#### TASK TO COMPLETE
In the records below, find the line with "a bedroom with" and repeat it and every line after it, exactly, without any pictures.

──────── GIVEN DATA ────────

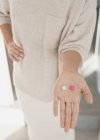 Жінка тримає, показуючи дві таблетки, рожевий і зелений — стокове фото
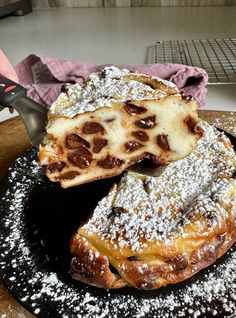 powdered sugar covered pastries sit on a black plate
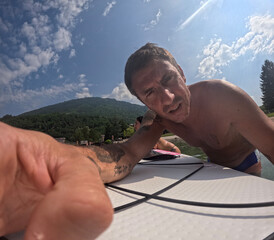 Tourist turns on an action cam before a hike on a stand up paddle board in the lake of Levico in...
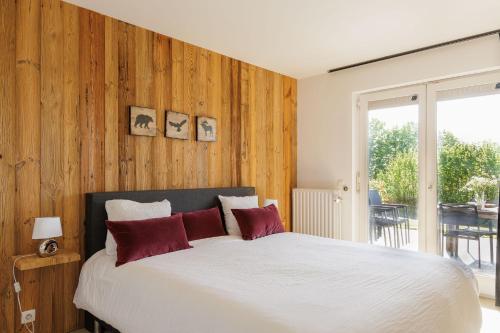 a bedroom with a large white bed with red pillows at Het Kastanjehuis in Orlitain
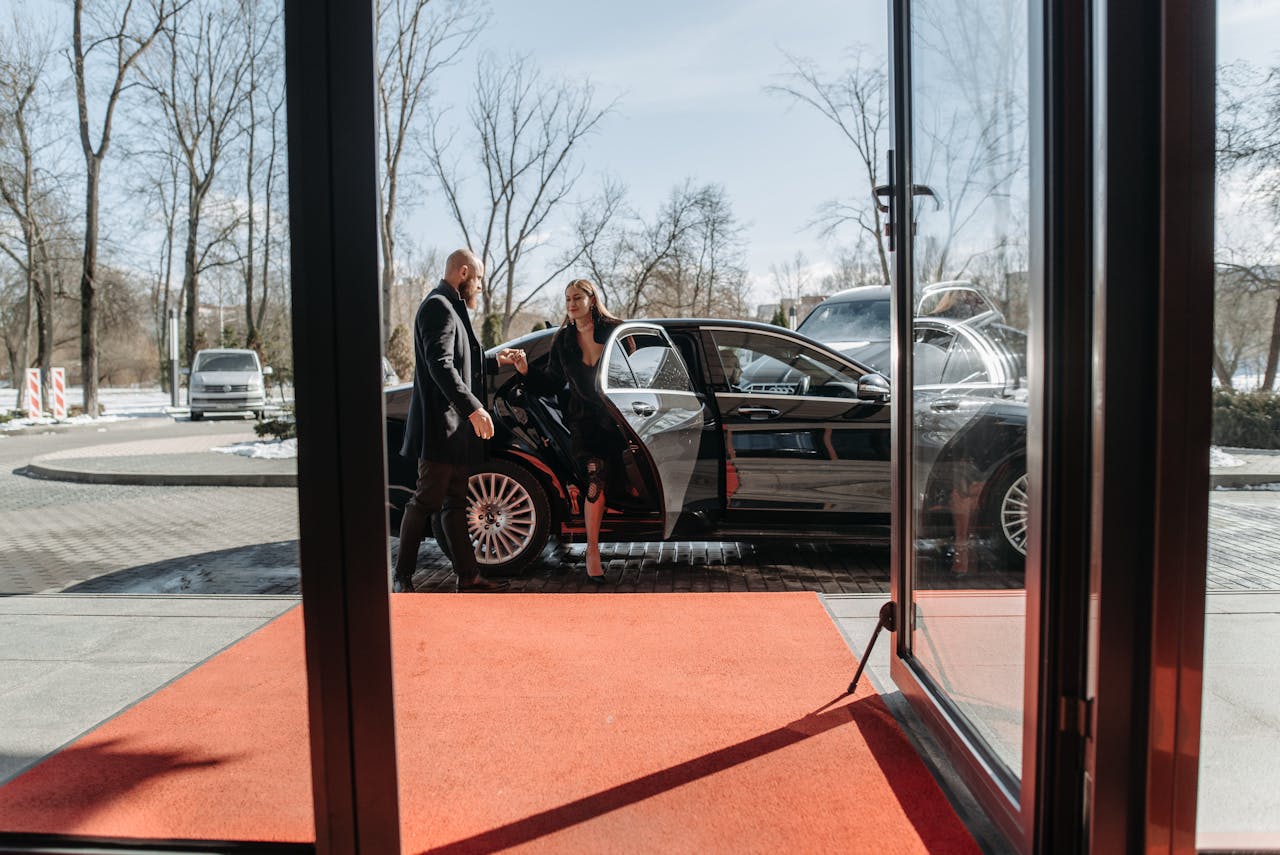 A woman getting out of a car and stepping on a red carpet at a public event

────────

#### EXERCISE ANSWER
 a bedroom with a large white bed with red pillows at Het Kastanjehuis in Orlitain
 A woman getting out of a car and stepping on a red carpet at a public event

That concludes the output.